🤖 AI Summary
General-purpose cognitive robots suffer from poor robustness to execution errors and weak cross-modal and cross-platform generalization. Method: We propose an embodied manipulation framework integrating iterative reasoning, diffusion-based video generation, and closed-loop execution. Specifically: (i) we introduce a generative reasoning mechanism that synthesizes candidate action videos directly from text instructions; (ii) we design a multi-round re-planning strategy with joint visual–motor modeling for closed-loop feedback control; and (iii) we support multi-view perception and deployment across heterogeneous robot platforms (real-sim co-deployment).

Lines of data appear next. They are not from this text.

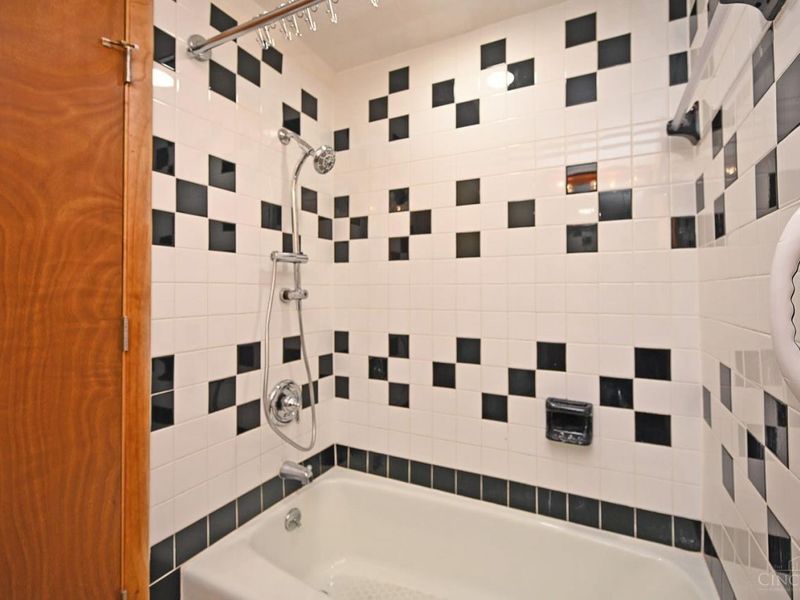 872 Waynoka Drive, Jackson Township, OH 45171 Photo 25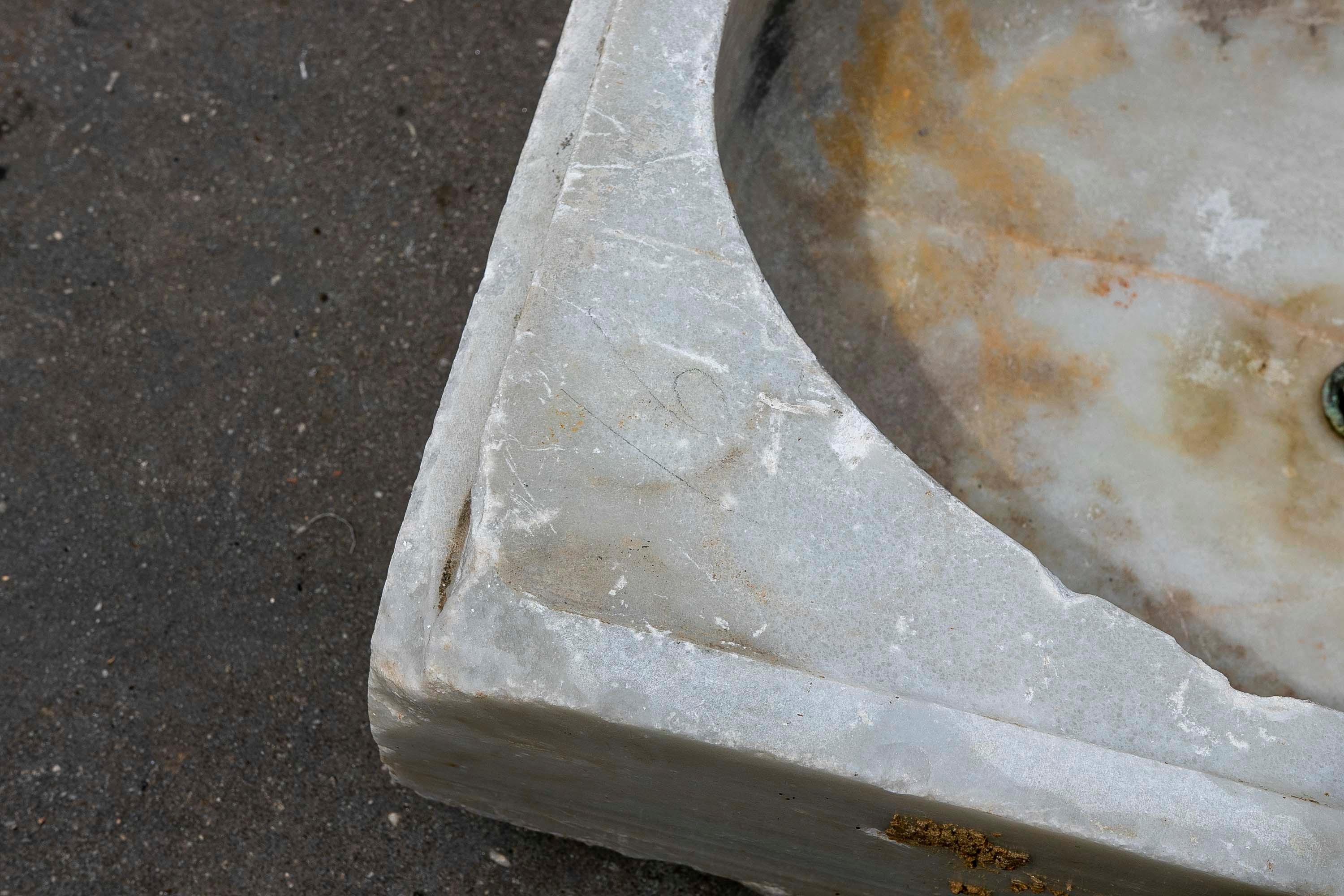 White Hand Carved Marble Washbasin with One Sink in a Single Block For Sale 12
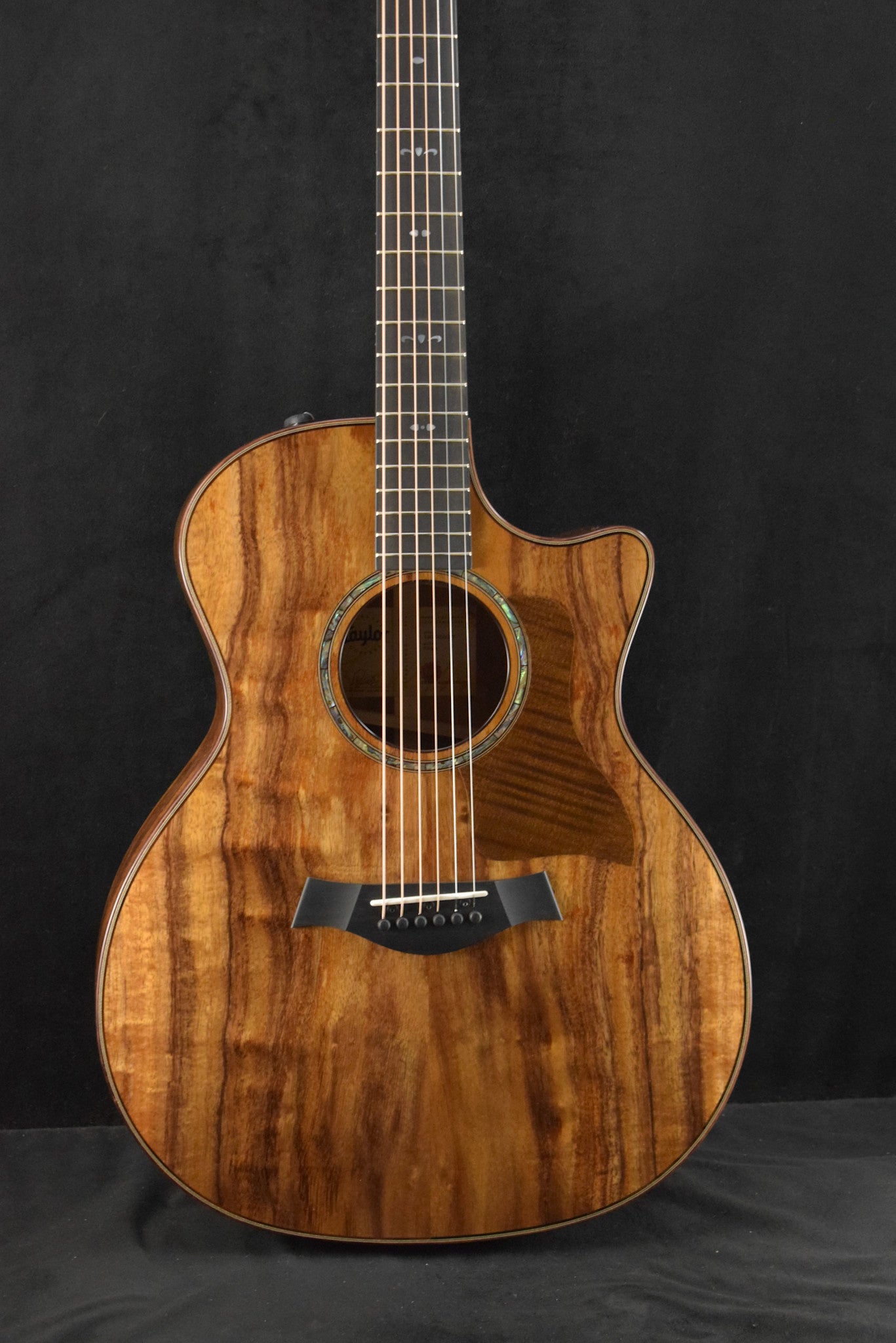 Taylor 724ce Natural Gloss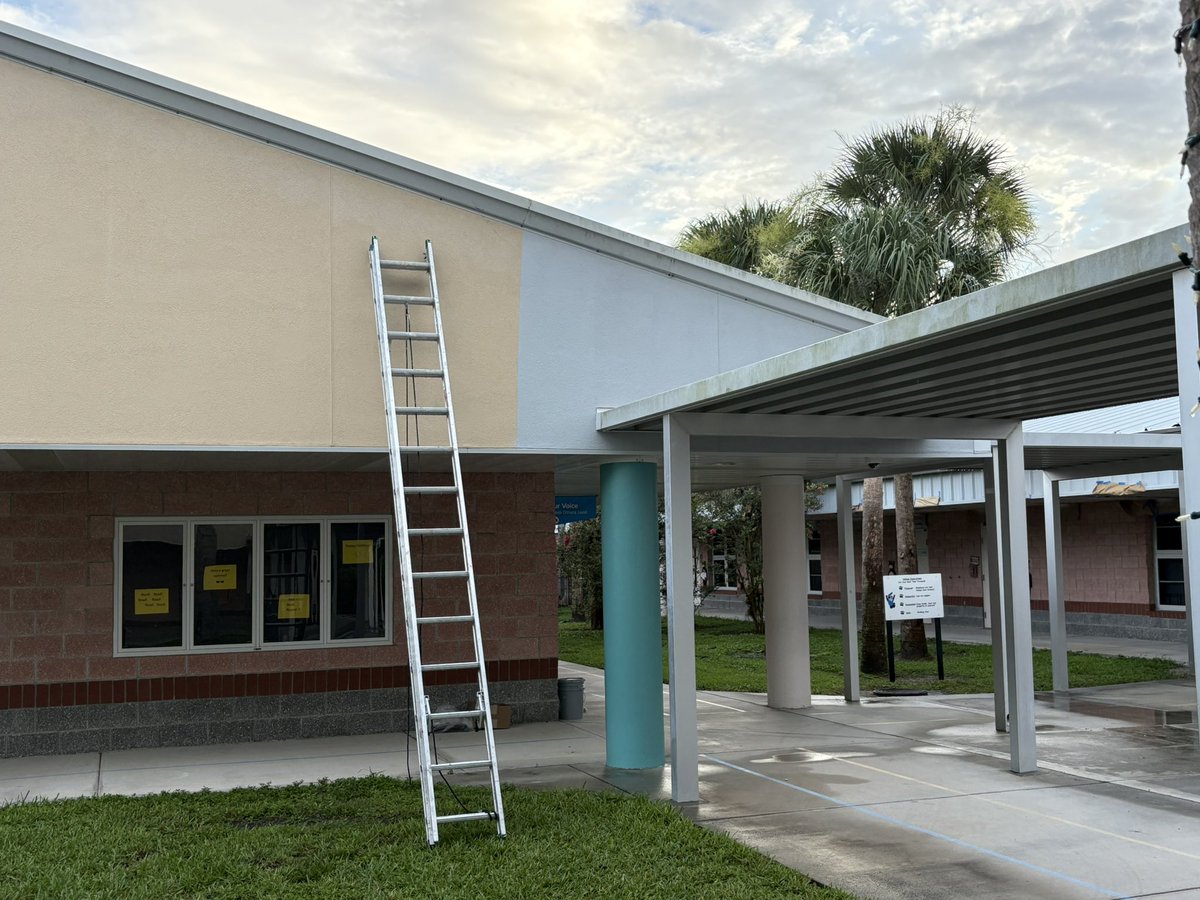 blackbearsroar's tweet photo. Do you see what I see? 👀 😍#FreshPaint #FreshLandscaping 
@collierschools https://t.co/8c0aZ2zHcG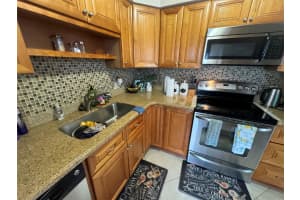 777 SE 2nd Ave 204, Deerfield Beach, FL 33441 Sold 10/01/25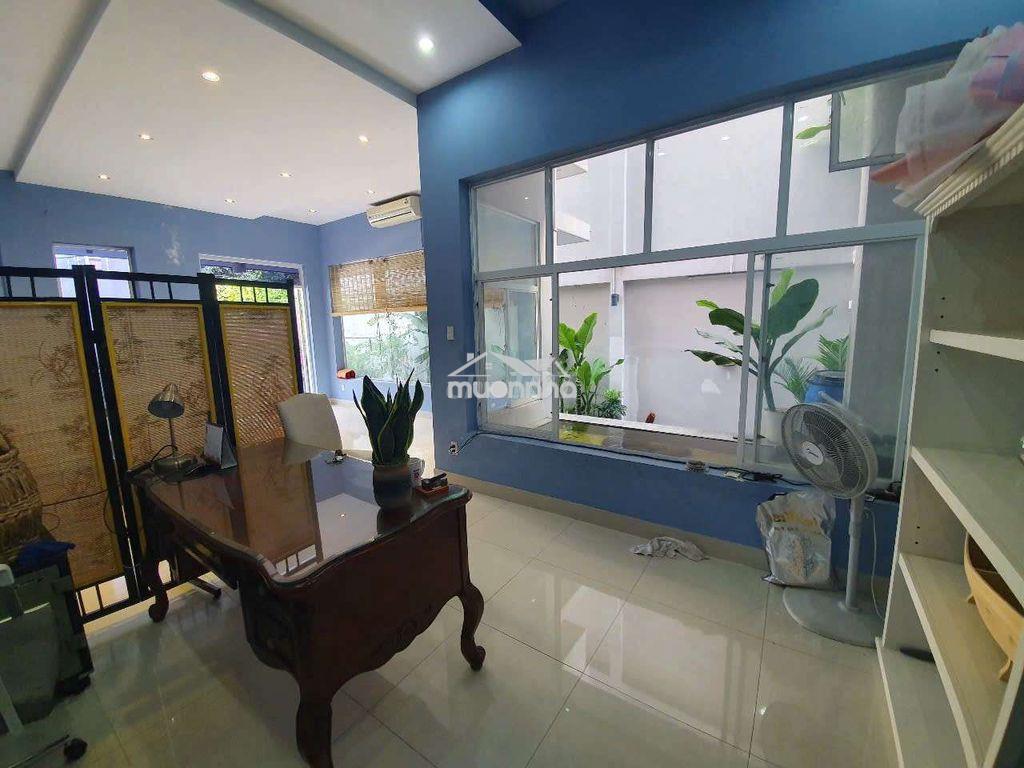Cho thuê tầng trệt 250m2 trong villa sân vườn q7 - 4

Results: Our framework achieves an initial success rate of 20–30%, improving to 80% overall after iterative correction—reaching up to 83% on human-familiar tasks—significantly outperforming state-of-the-art methods. It establishes a scalable, robust, and modality- and morphology-agnostic paradigm for autonomous embodied intelligence.
📝 Abstract
We introduce PhysicalAgent, an agentic framework for robotic manipulation that integrates iterative reasoning, diffusion-based video generation, and closed-loop execution. Given a textual instruction, our method generates short video demonstrations of candidate trajectories, executes them on the robot, and iteratively re-plans in response to failures. This approach enables robust recovery from execution errors. We evaluate PhysicalAgent across multiple perceptual modalities (egocentric, third-person, and simulated) and robotic embodiments (bimanual UR3, Unitree G1 humanoid, simulated GR1), comparing against state-of-the-art task-specific baselines. Experiments demonstrate that our method consistently outperforms prior approaches, achieving up to 83% success on human-familiar tasks. Physical trials reveal that first-attempt success is limited (20-30%), yet iterative correction increases overall success to 80% across platforms. These results highlight the potential of video-based generative reasoning for general-purpose robotic manipulation and underscore the importance of iterative execution for recovering from initial failures. Our framework paves the way for scalable, adaptable, and robust robot control.